Last week's auction of Edward Hopper's Chop Suey (1929) for a record $91.88 million has sparked conjecture about the anonymous buyer. Christie's chairman Marc Porter fueled the speculation with a remark about how he "hopes to see it hanging again soon." He was smiling. That's the slender reed supporting the theory that Chop Suey is destined for a museum or public institution.

No museum has ever paid anything like $92 million for an American painting. The likeliest candidate might be Crystal Bridges, which has a less memorable Hopper painting of Blackwell's Island (1928). Just after the sale, Lee Rosenbaum asked Crystal Bridges and got a definitive no.

That got me wondering whether it was barely possible that George Lucas and/or his Lucas Museum of Narrative Art was the buyer. Besides spending record amounts for Norman Rockwells, the Lucas Museum recently bought three large panels by Thomas Hart Benton that had been on offer for $20 million.

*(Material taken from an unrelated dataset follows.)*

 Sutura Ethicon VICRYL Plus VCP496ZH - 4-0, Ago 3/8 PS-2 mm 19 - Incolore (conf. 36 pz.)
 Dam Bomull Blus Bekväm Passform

I asked the Lucas and also the Seattle Art Museum, where Chop Suey had been a promised gift of Barney Ebsworth. There are lots of billionaires in Seattle, and it's conceivable that some banded together to rescue Chop Suey for SAM.

SAM said no. They hadn't bought the painting. Four days later, I'd not heard from the Lucas.

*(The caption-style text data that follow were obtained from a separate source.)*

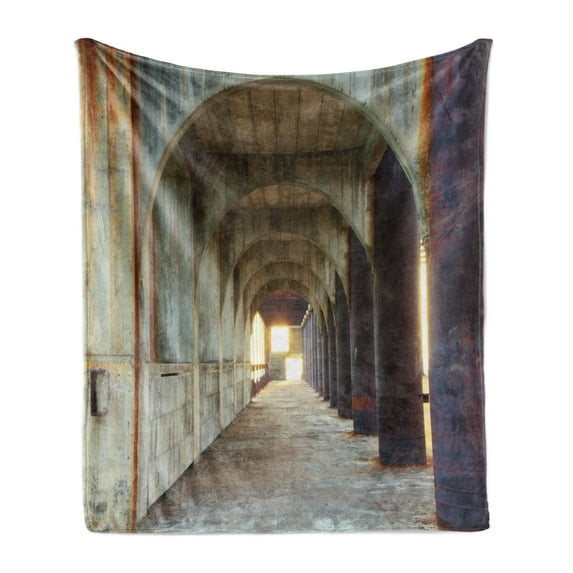 Urban Soft Flannel Fleece Throw Blanket, Corridor of Concrete Pillars Structure Urban Industrial Rustic Style Artwork, Cozy Plush for Indoor and Outdoor Use, 50" x 60", Purple Brown, by Ambesonne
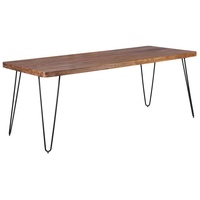 KADIMA DESIGN Esstisch BALU Massivholz: 4 Metallbeine, handgefertigtes Unikat,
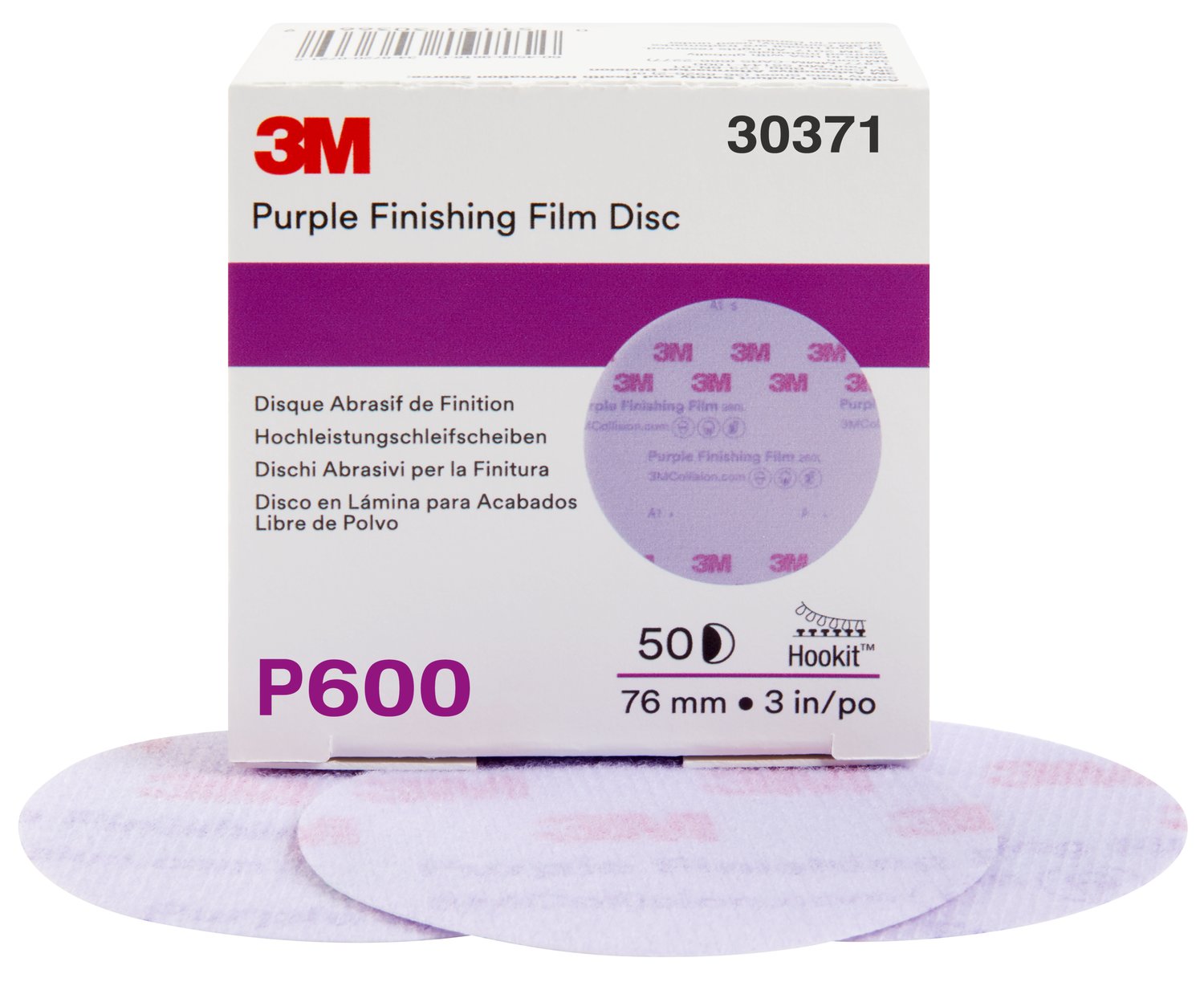 7100122790 - 3M Hookit Purple Finishing Film Abrasive Disc 260L, 30371, 3 in, P600, 50 discs per carton, 4 cartons per case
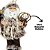 Papai Noel Decorativo Casaco Rústico Pelúcia Luxo Branco e Marrom 30cm - Magizi - Imagem 4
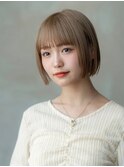 小顔ヘア/大人ボブ/ヌーディーカラー/アッシュカラー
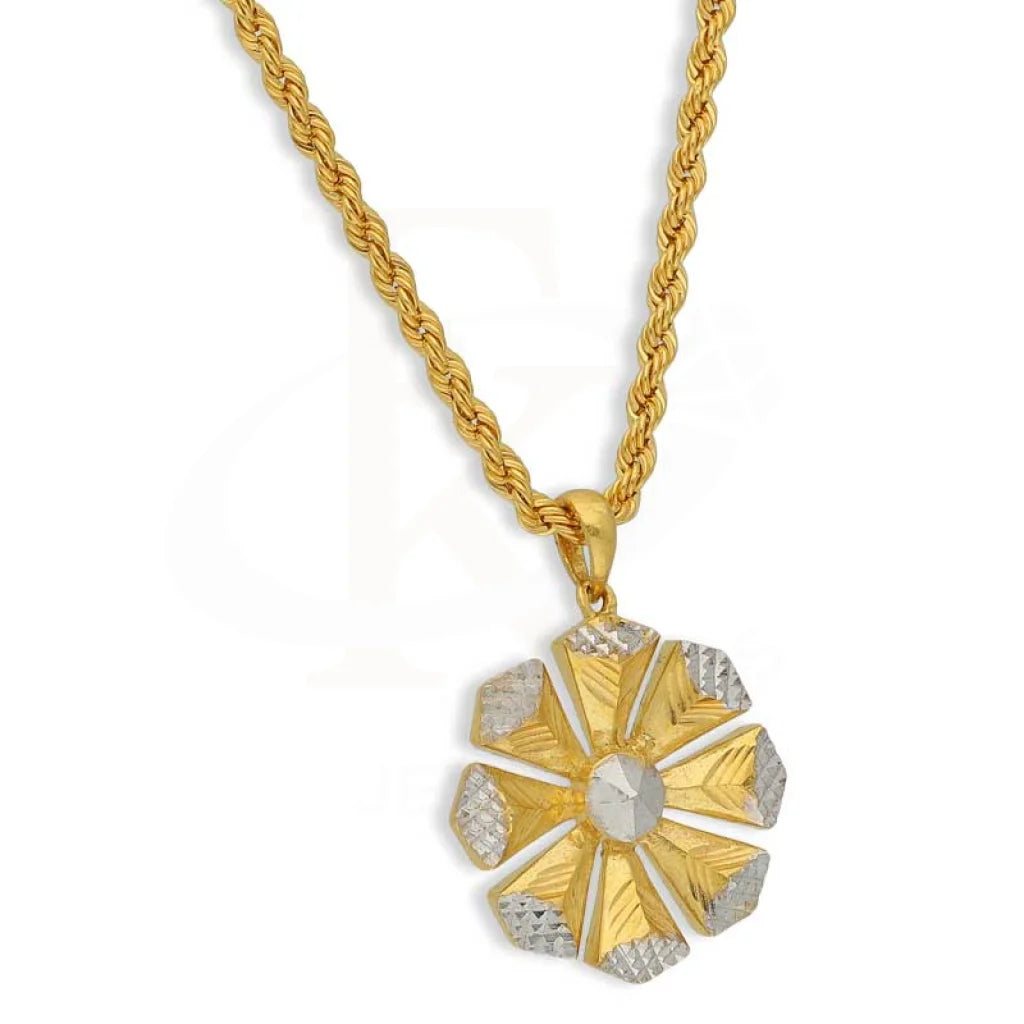 Gold Necklace (Chain With Flower Shaped Pendant) 22Kt - Fkjnkl22K2742 Necklaces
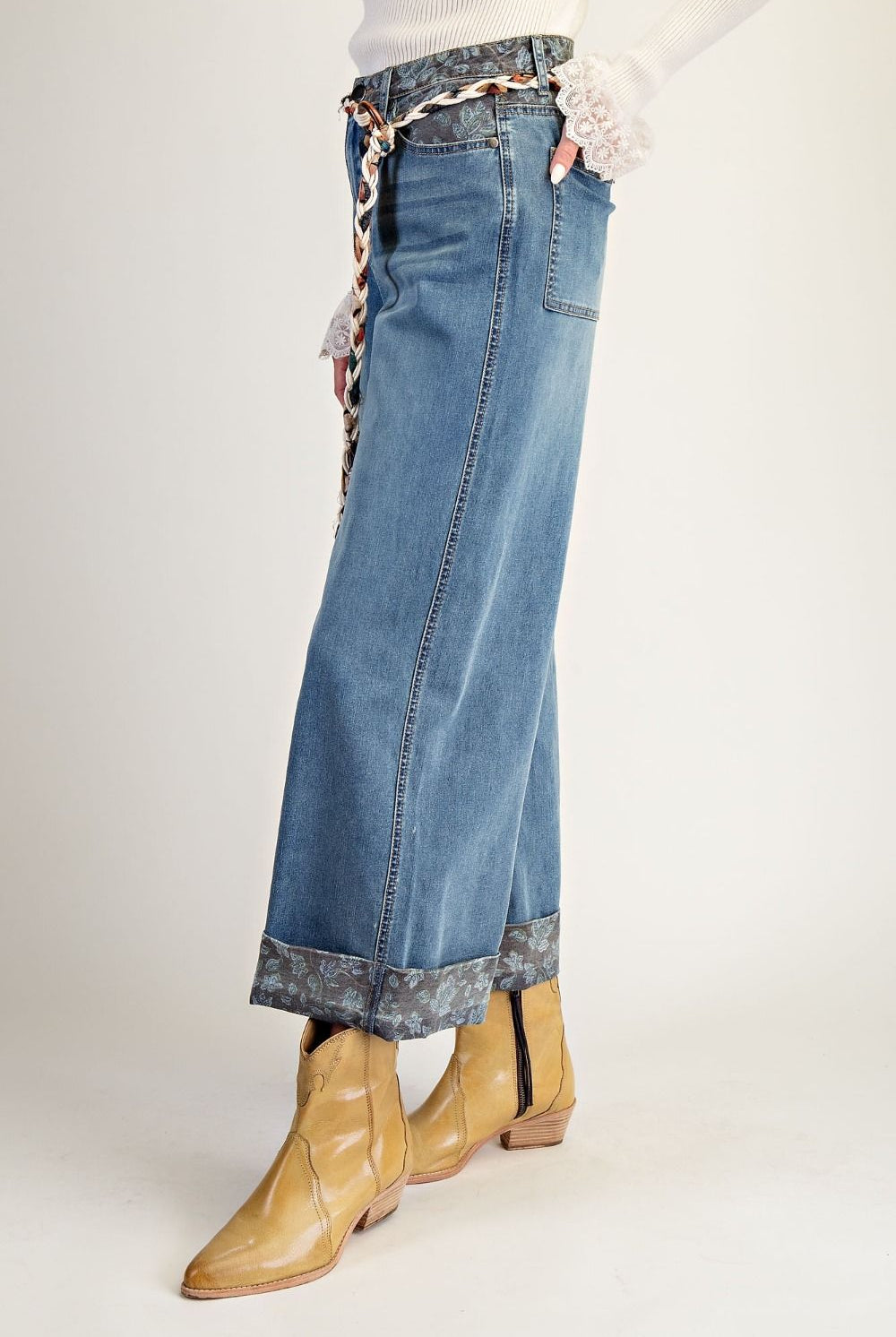 Print Mix Washed Denim Wide-Leg Pants-Jeans-Easel-Stuffology - Where Vintage Meets Modern, A Boutique for Real Women in Crosbyton, TX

I don't think the Lucas bought Chop Suey. Though the Lucas has lately shown interest in figurative American modernism, Chop Suey's price is twice what George Lucas paid for Rockwell's Saying Grace. That is apparently the most the Lucas or his museum has ever paid for anything.

There are wealthy new museums in the Middle East and China building trophy collections. But Hopper is no Leonardo and is not nearly so well known in Asia.

My best guess is that a private U.S. collector bought Chop Suey and told Porter that s/he might lend it to a museum.

Comments

Anonymous said…
While I wish an LA museum (or any museum for that matter) had purchased this painting, it's probably in private hands now. Honestly, no museum should be paying such exorbitant prices for any painting. These are works of art that are meant for public consumption -- to be analyzed and interpreted. Unfortunately, for some, art is just another commodity to be sold, bought and displayed like a trophy within some millionaire's ostentatious collection.